◆ **ASSIGNED TASK**:
Excluding pictures, what does the listing below contain from the line with "BURIBURI Sandalwood &" up to and including the line with "Cat Litter Box", word for word?

◆ **DATASET EXCERPTS**:
□ □ □ □

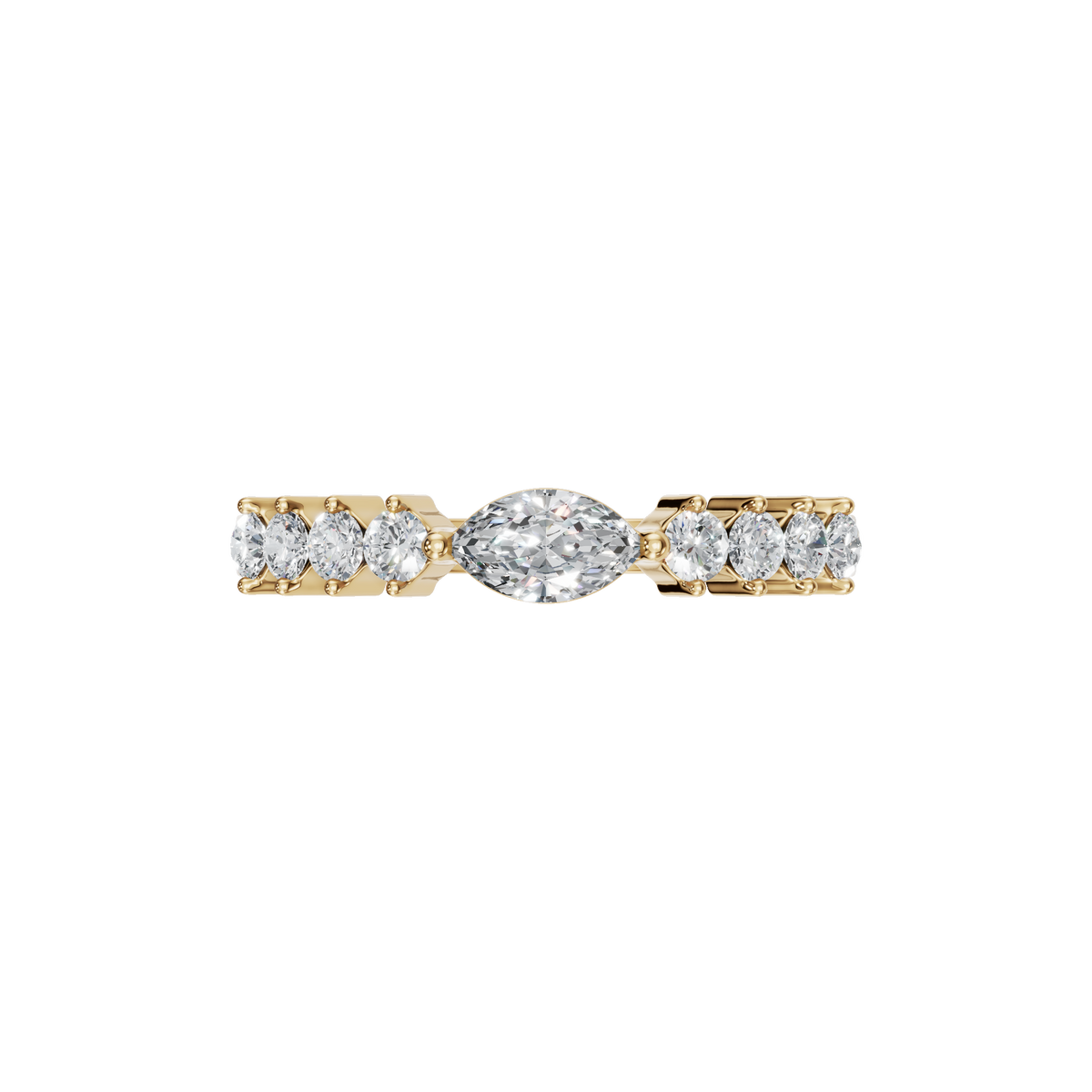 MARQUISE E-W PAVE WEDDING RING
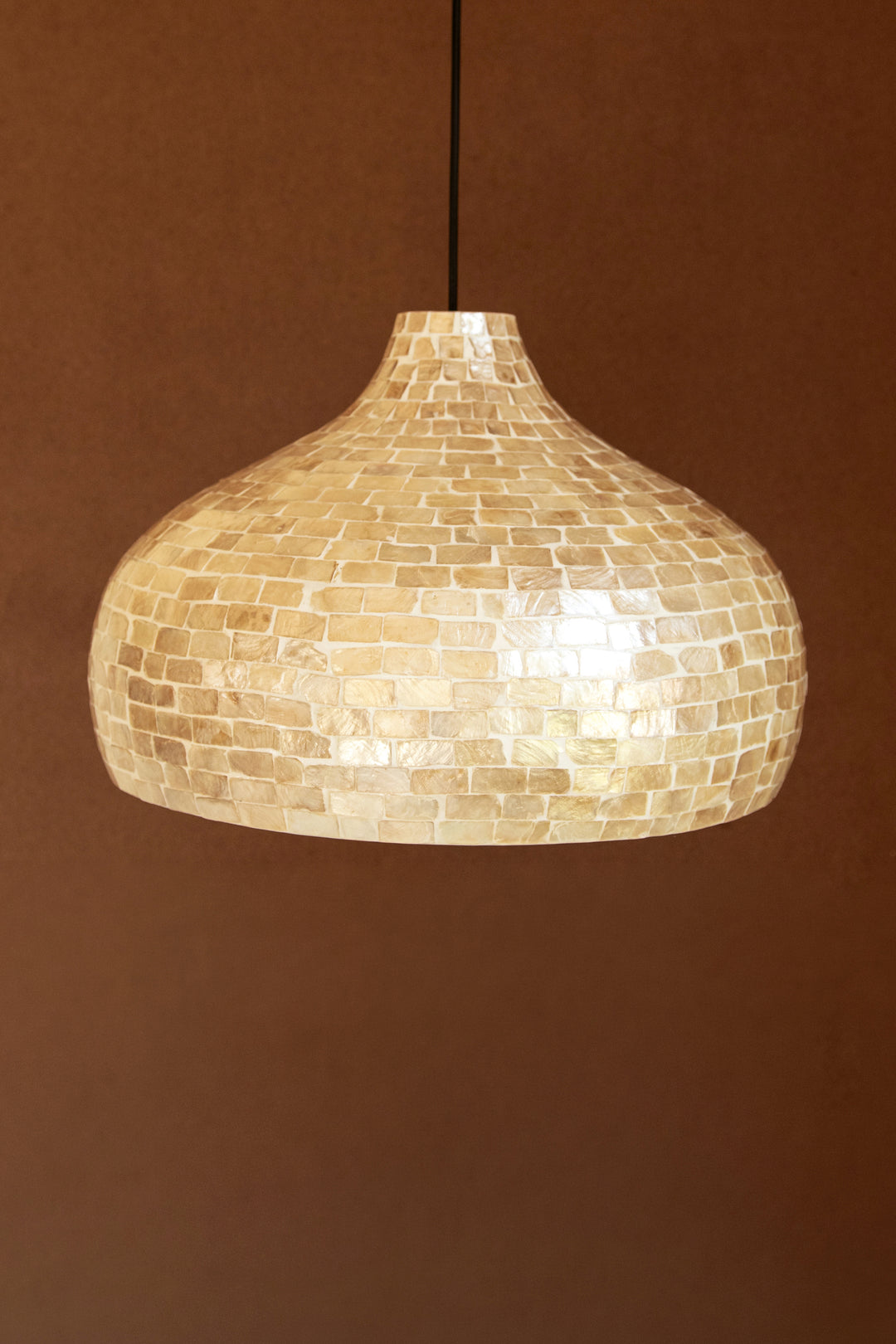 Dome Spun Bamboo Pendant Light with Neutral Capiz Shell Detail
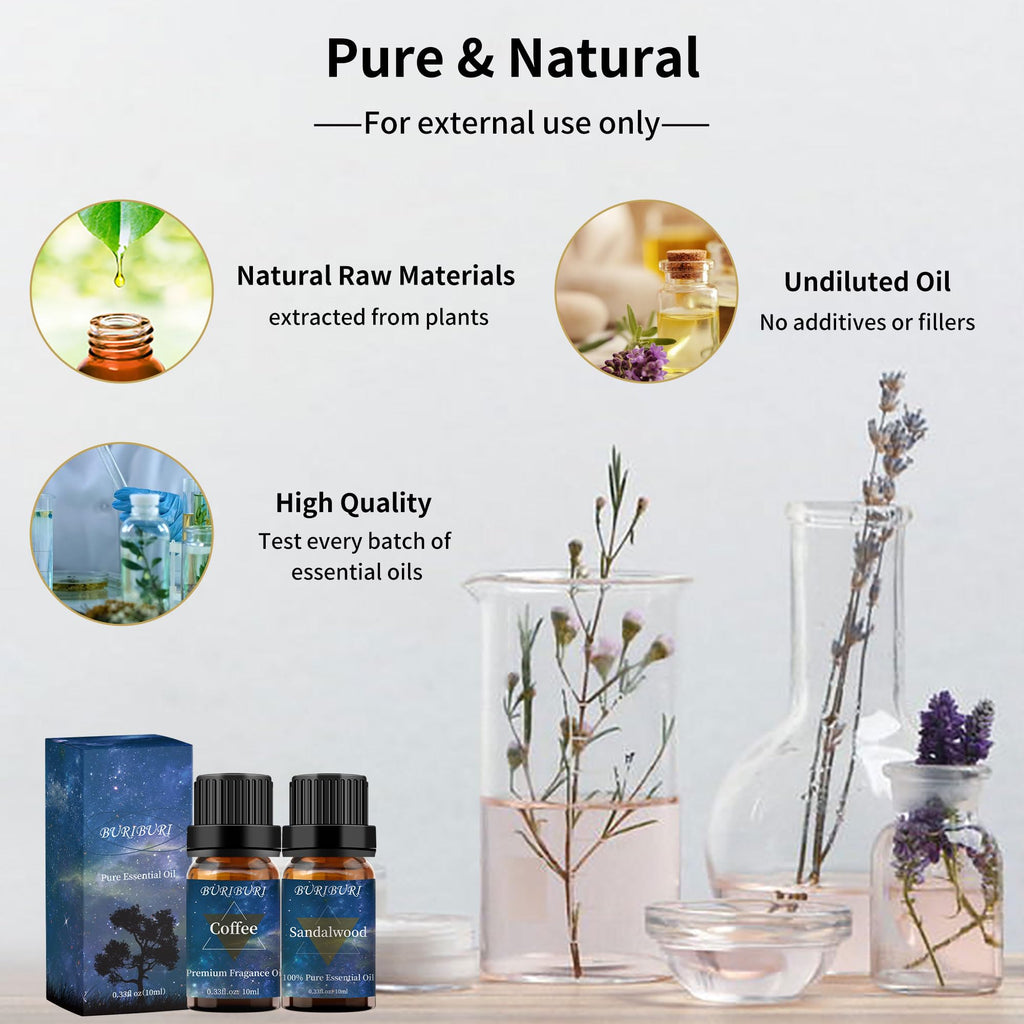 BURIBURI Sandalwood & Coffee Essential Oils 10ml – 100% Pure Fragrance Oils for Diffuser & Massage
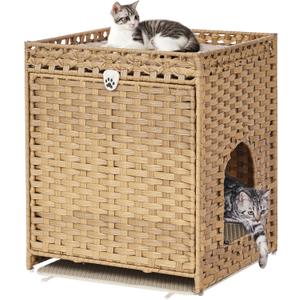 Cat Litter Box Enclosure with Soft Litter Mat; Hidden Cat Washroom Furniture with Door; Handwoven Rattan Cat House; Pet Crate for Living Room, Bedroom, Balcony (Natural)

□ □ □ □

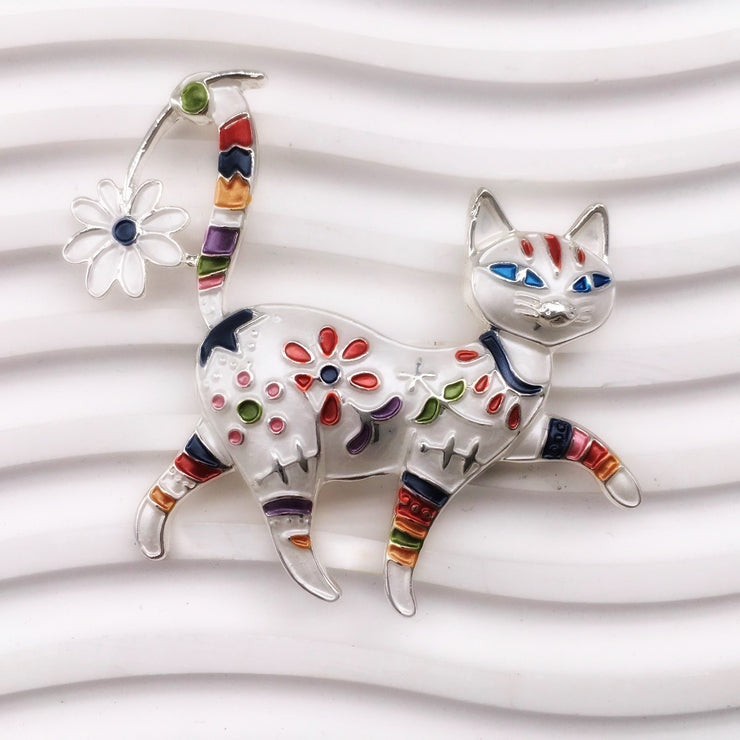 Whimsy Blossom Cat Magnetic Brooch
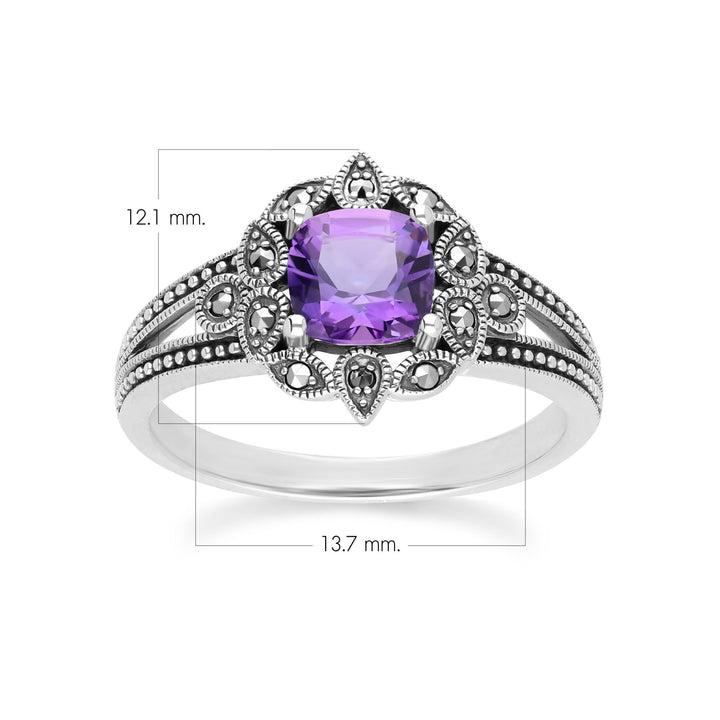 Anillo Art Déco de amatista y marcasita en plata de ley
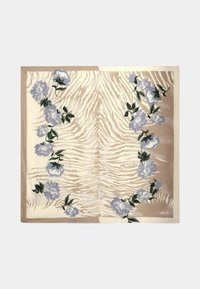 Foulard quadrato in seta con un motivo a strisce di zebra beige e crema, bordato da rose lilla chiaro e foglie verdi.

□ □ □ □

◆ **SOLUTION FOR THIS EXERCISE**:
 BURIBURI Sandalwood & Coffee Essential Oils 10ml – 100% Pure Fragrance Oils for Diffuser & Massage
 Cat Litter Box Enclosure with Soft Litter Mat; Hidden Cat Washroom Furniture with Door; Handwoven Rattan Cat House; Pet Crate for Living Room, Bedroom, Balcony (Natural)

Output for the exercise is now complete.